## Work item
Your answer must be the exact lines of the listing below that run from the line with "Mid 20th Century" to the line with "Modern Bronze Female", ends included, and no pictures.

━━━━━ Records for the exercise

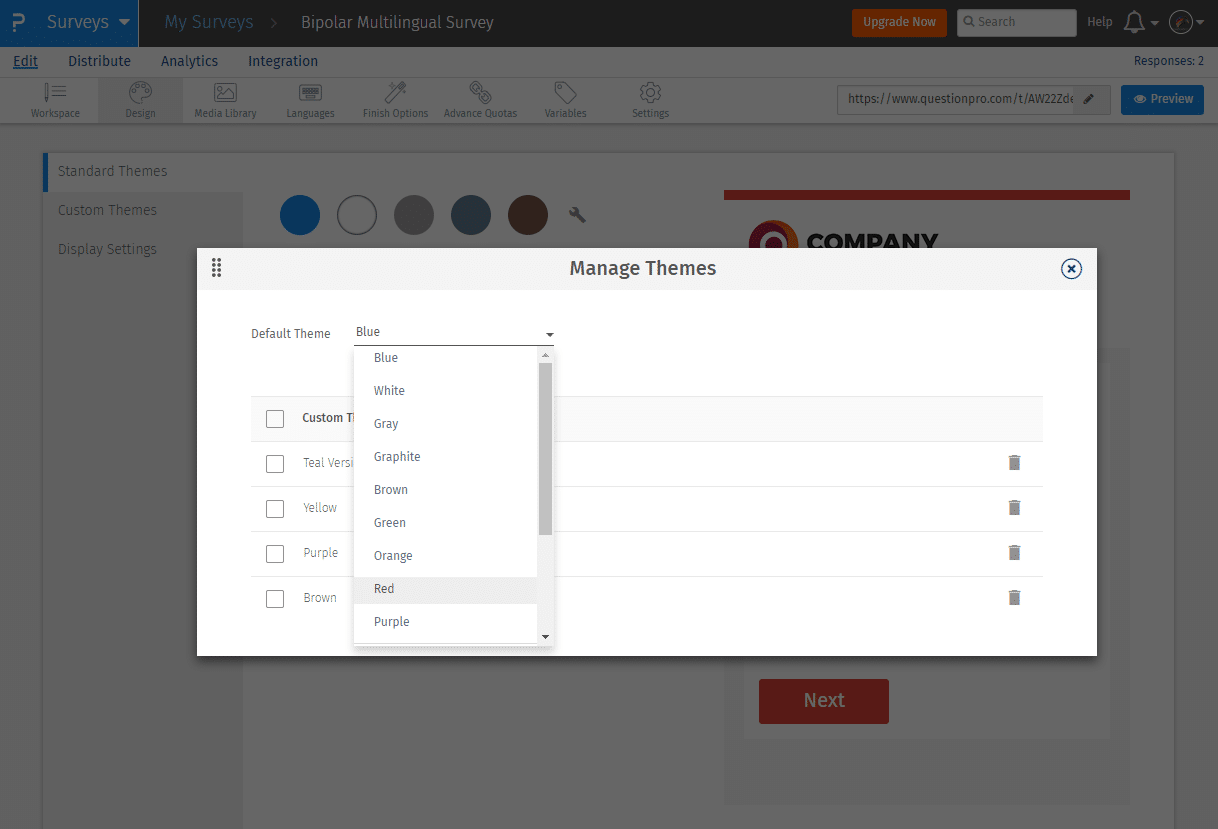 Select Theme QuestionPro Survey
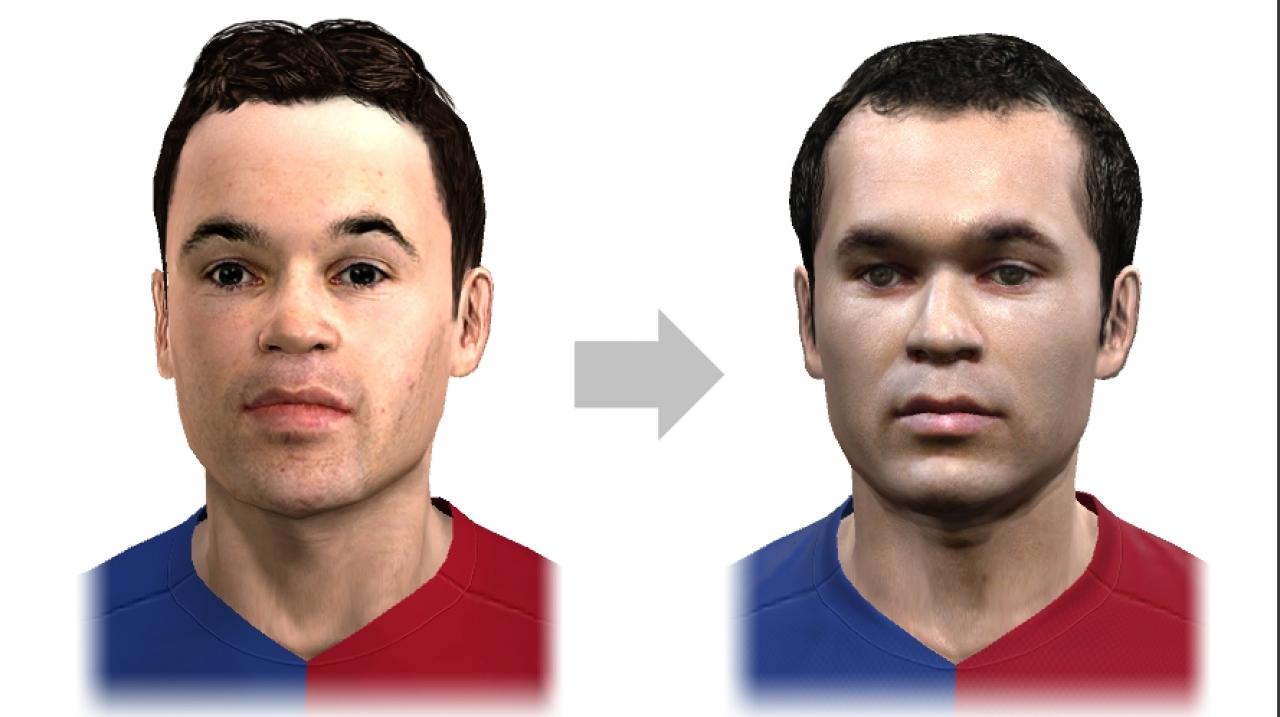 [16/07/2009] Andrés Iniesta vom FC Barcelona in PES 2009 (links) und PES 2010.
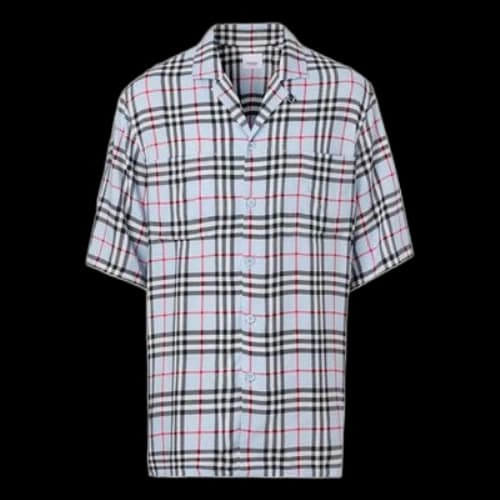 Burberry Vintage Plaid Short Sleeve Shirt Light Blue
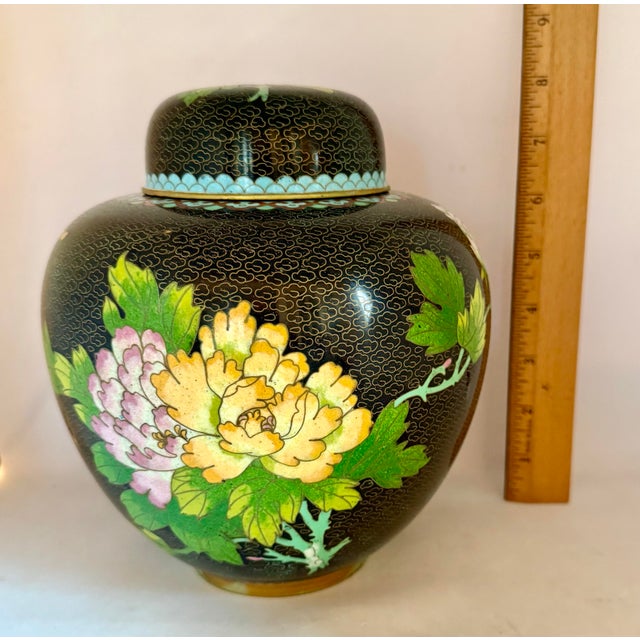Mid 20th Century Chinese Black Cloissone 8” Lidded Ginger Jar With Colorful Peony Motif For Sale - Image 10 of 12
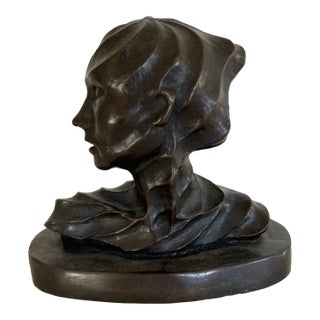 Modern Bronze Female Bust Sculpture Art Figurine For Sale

━━━━━━━━━━
━━━━━ Records for the exercise

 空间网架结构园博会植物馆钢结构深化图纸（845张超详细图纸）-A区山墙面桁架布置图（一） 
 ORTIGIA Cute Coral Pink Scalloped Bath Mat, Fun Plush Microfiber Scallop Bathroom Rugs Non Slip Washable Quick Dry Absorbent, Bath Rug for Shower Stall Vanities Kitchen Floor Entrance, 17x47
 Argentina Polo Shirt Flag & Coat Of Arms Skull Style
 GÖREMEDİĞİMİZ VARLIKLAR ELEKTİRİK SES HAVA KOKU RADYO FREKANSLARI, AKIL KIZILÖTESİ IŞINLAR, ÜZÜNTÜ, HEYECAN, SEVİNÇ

━━━━━━━━━━

## Solution to the problem
Mid 20th Century Chinese Black Cloissone 8” Lidded Ginger Jar With Colorful Peony Motif For Sale - Image 10 of 12
 Modern Bronze Female Bust Sculpture Art Figurine For Sale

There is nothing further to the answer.